Volcanic Mommy rant ahead.
Dont say you weren't warned.
Attention Target Shoppers--yeah, I'm talking to you, lady in the green jacket, near the music. Would you please kindly remove your glaring eyes from my child. Your lack of information is showing and it's not pretty.
You think you know. But you don't.
Yes. I do know what you are thinking. It's written plainly in your glare and I've seen it before. Judgement. Lack of understanding. Condemnation. Sometimes pity, though I don't know why.
Yes. He's 5' tall, weighs 90 pounds and is 11 years old. He looks like a pretty normal young man on the outside, especially to someone who hasn't spoken to him in a conversation or seen him run full-tilt. Or picked him up off the floor after an emotional meltdown. Yes, I realize that it must look odd for his mother to have his foot hoisted onto her bent knee, tying his shoes. But to stare...and glare. Geesh.
I admit you probably don't see it every day...but in the scheme of things is it really such a shocking sight that you feel compelled to stare? And exhibit signs of attitude?
Don't think I didn't notice. I only pray he didn't.
What you don't know is that it's the fourth time today I have stopped to tie his shoes. It took 45 minutes for us to find two actual socks that he could get onto his feet and remain tolerant of until shoes could cover them. He's conviced that sockage is the motherly equivalent of modern day torture devices.
No, it's not something I really understand, but so what.
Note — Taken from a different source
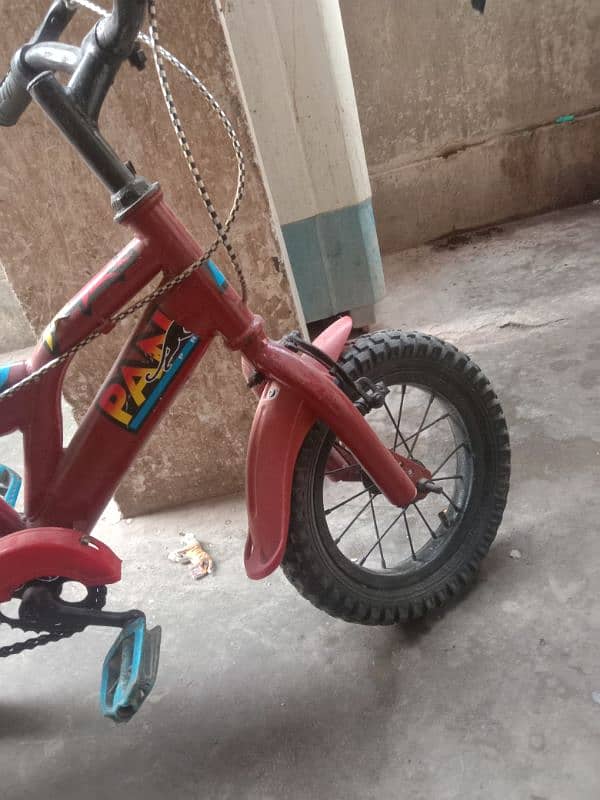 kids cycle 5 years bacho ki cycle 15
What you don't know is that I've seen that look before. No, not on your specific face but on plenty others. I recognize it a little too easily now and the pain of it lives right on the top of that part of me that grew in when I became his mother. No. It doesn't get easier. Each disdainful glare shoots a laser guided missile right into my stomach.
Yes, to the uninformed eye, he looks like he should be tying his own boots and wiping his own mouth with a napkin and getting his own zipper zipped and at times, controlling the drool on his lips and enunciating with a great deal more clarity...and a hundred other things I coud list. But the fact of the matter is--he can't.
He can't tie his own boots. His fingers don't work in conjunction with his brain to complete a multi-step process like shoe tying. They just don't. I know. I have tried to teach him. More times than anyone should.
What you don't know is that this child's body is broken, but not in an obvious way. Part of his brain is undeveloped and unusable. It appears on MRIs as a dark spot. Not a mass...just darkness. No electricity. It has not changed since birth and barring something miraculous, it is not going to suddenly come on like a light. It's the likely cause of seizures that bring chaos and havoc on his little life and his not-so-little body and a slew of other challenges--not the least of which is enduring staring, glaring, uninformed people.
Live with that for a minute and then glare at me for helping my son.
6 comments:
YOu are in my prayers Sarah...keep letting the pain flow through your writings...It brings healing. I gives me a different view of your life and I can appreciate that honesty. I love you and miss you so!
{{HUGS}}
Sarah,
I don't stop to comment very often when I get a chance to visit your blog.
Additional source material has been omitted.